For the past three years, Public Interest Legal Foundation (PILF) has been locked in a legal battle with the Maine Secretary of State’s office as a result of the organization’s quest to access and freely make use of Maine’s voter rolls.
“This case implicates significant issues of press freedom, the First Amendment, and clean elections. At issue is Maine’s penalties for speaking about public records,” PILF wrote in a statement concerning today’s oral arguments.
“The public has a right to inspect election records and discuss any errors they find. Maine has given the government power to silence individuals from speaking and criticizing election officials for not doing a good job,” PILF President — J. Christian Adams — told the Maine Wire.
“This case is an important step to stop the growing trend of states trying to dictate how concerned citizens may research voter rolls,” Adams said.

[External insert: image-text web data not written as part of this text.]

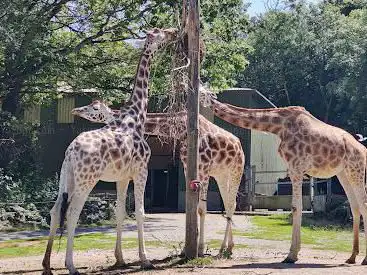 Photo de Paignton Zoo Environmental Park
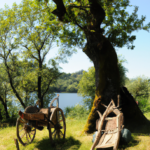 안산오피를 재밌게 즐기는 방법 - 안산오피를 재밌게 즐기는 스마트한 팁과 아이디어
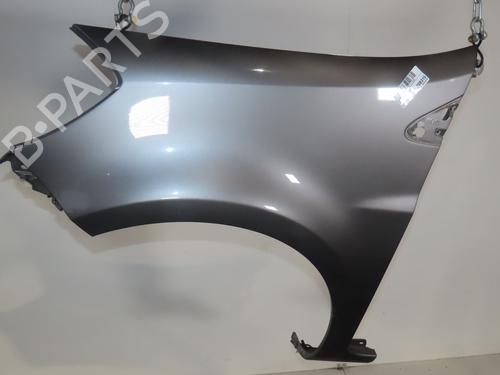 Left front fenders RENAULT CLIO III (BR0/1, CR0/1) 1.5 dCi (BR17, CR17) | BP29016583C41 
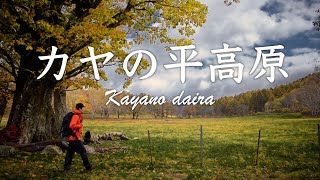 【風景写真】紅葉のカヤの平高原でのんびりブナ林ハイキングと撮影｜Kayanodaira Landscape Photography Vlog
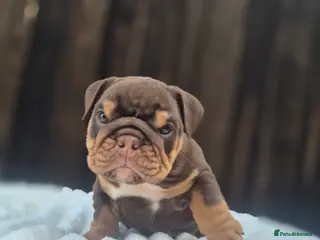 English Bulldog dogs KC ENGLISH BULLDOG PUPS - Advert 2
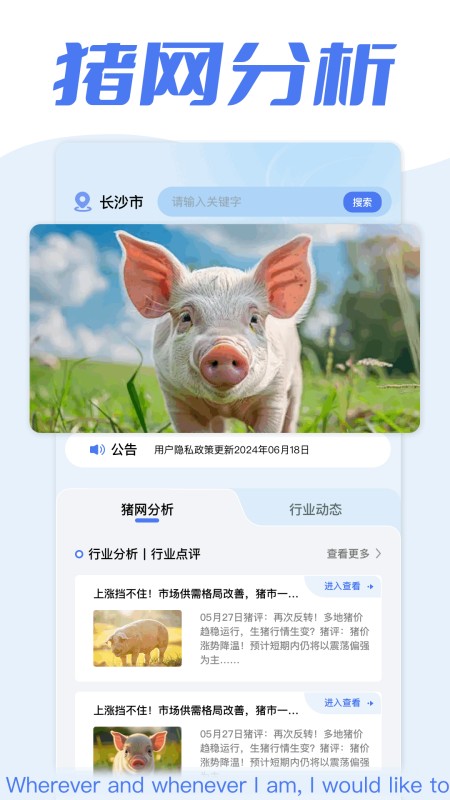 全民养猪场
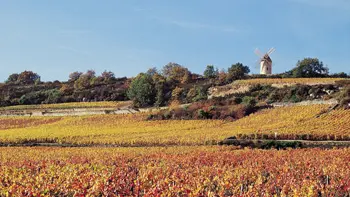 Moulin Sorine à Santenay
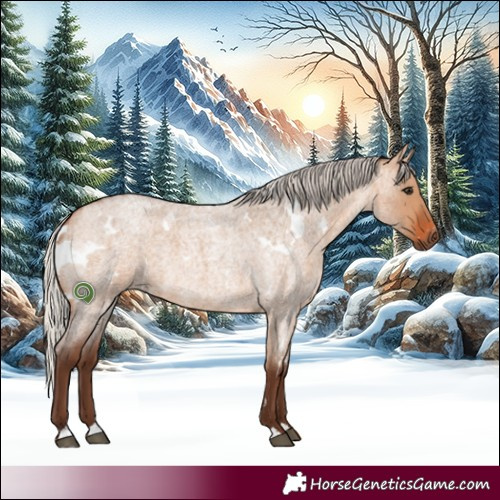 Horse Color:White Spotted Silver Bay Roan Dun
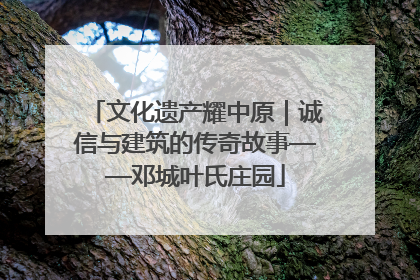 文化遗产耀中原｜诚信与建筑的传奇故事——邓城叶氏庄园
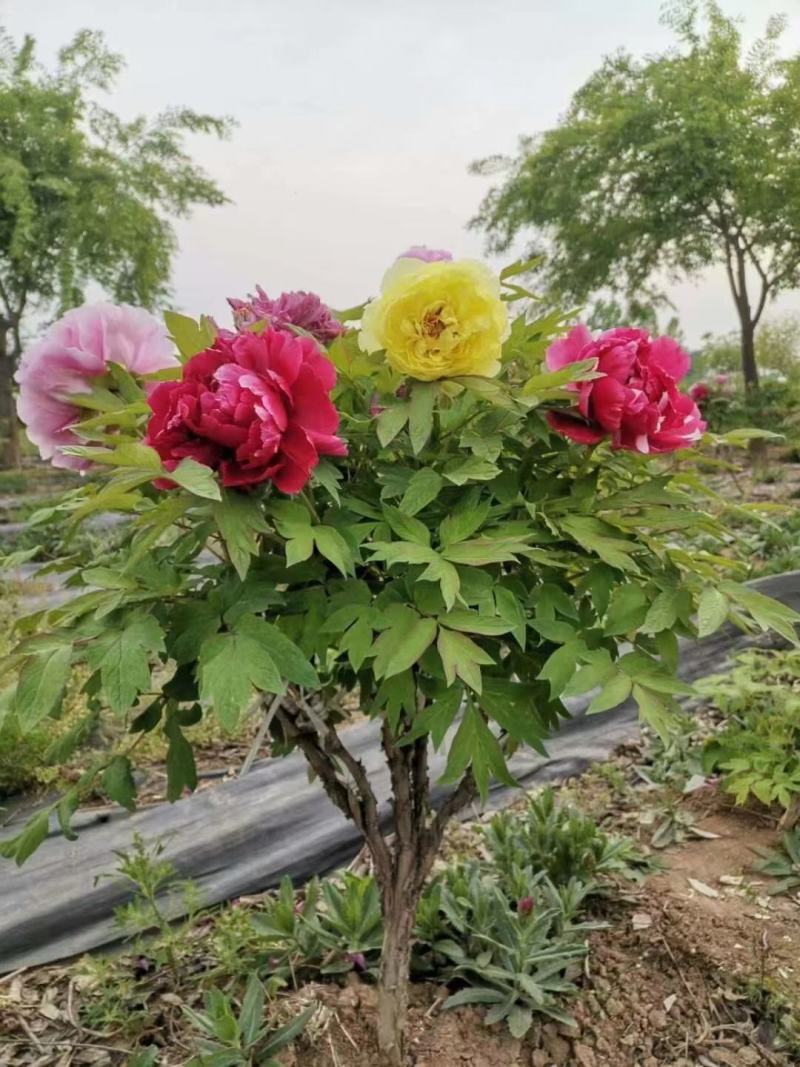 【荐】牡丹紫斑牡丹大量供应产地直供包回收技术指导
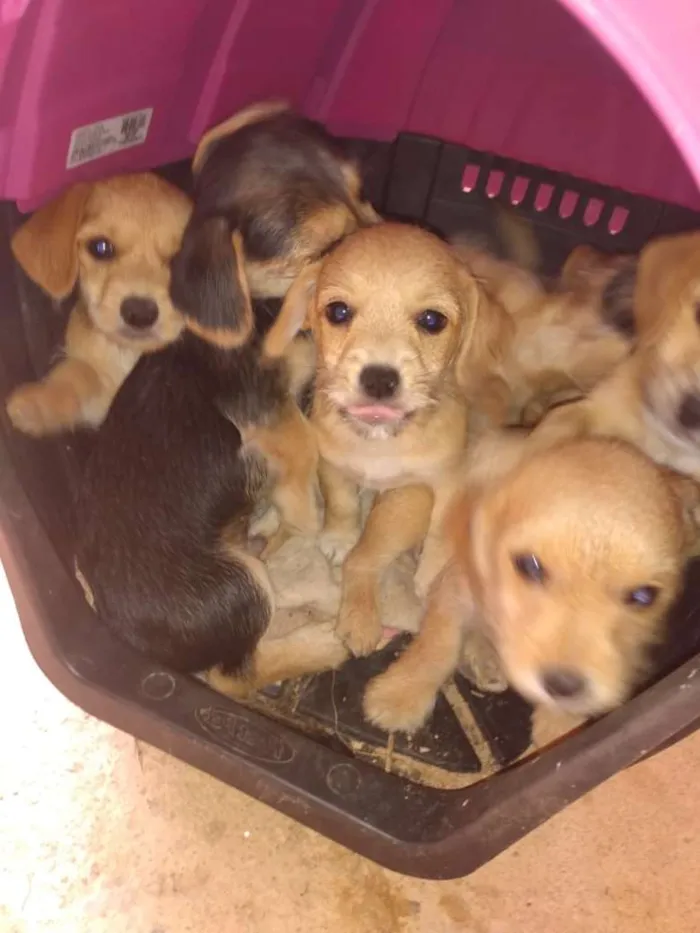Cachorro raça Basset-Cofap idade 2 a 6 meses nome ainda não tem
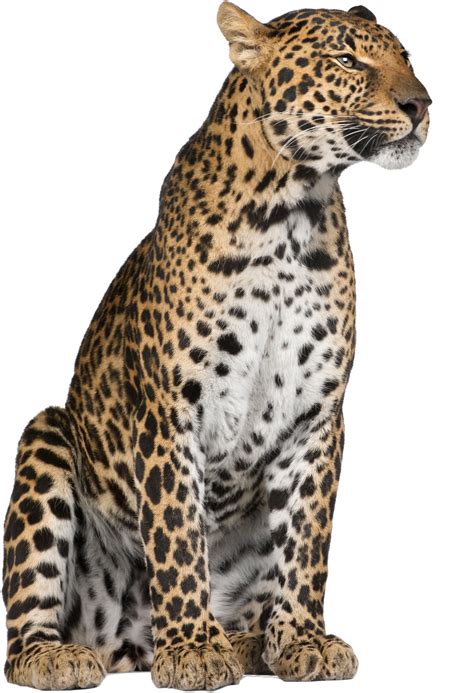 Leopard Jaguar Cheetah Felidae Whiskers Leopard Png Download 1000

The Maine Secretary of State’s Office also issued a statement in advance of today’s oral arguments.
“Voter privacy is foundational to the freedom to vote in accordance with your beliefs, free of interference,” Maine Secretary of State Shenna Bellows (D) said in the press release.
“Maine has long enjoyed the distinction of leading the nation in voter turnout, and we are proud of our longstanding commitment to voter freedom and privacy. Unfortunately, this lawsuit could change all that,” Bellows said.
“Mainers should be able to register to vote without fear that someone will post their sensitive personal information online,” said Bellows. “In this era of identity theft and online harassment, protecting individual sensitive information is more important than ever.”
“Once your personal information is published online, it’s often too late to prevent harm to individual reputation and safety,” Bellows said.
Background on the Lawsuit
In February of 2020, PILF filed a lawsuit against the Maine Secretary of State’s office — then occupied by Matthew Dunlap — seeking “declaratory and injunctive relief” for alleged violations of the “Public Disclosure Provision” contained within “Section 8 of the National Voter Registration Act of 1993” (NVRA).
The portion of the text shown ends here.